Your task is to copy the stretch of lines in the records below that begins with the line containing "young woman sanding" and ends with the line containing "Blue denim pet", exactly as written, with nothing added.

● **Information supplied**
####

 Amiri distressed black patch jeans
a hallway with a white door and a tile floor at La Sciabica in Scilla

####

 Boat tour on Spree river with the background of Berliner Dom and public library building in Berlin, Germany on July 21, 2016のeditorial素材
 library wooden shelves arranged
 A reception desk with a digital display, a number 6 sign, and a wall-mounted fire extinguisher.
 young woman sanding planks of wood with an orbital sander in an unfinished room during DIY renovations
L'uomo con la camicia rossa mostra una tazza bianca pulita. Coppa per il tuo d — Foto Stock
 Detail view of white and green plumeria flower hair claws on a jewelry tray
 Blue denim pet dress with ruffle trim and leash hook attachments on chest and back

####

● **Solved problem**
 young woman sanding planks of wood with an orbital sander in an unfinished room during DIY renovations
L'uomo con la camicia rossa mostra una tazza bianca pulita. Coppa per il tuo d — Foto Stock
 Detail view of white and green plumeria flower hair claws on a jewelry tray
 Blue denim pet dress with ruffle trim and leash hook attachments on chest and back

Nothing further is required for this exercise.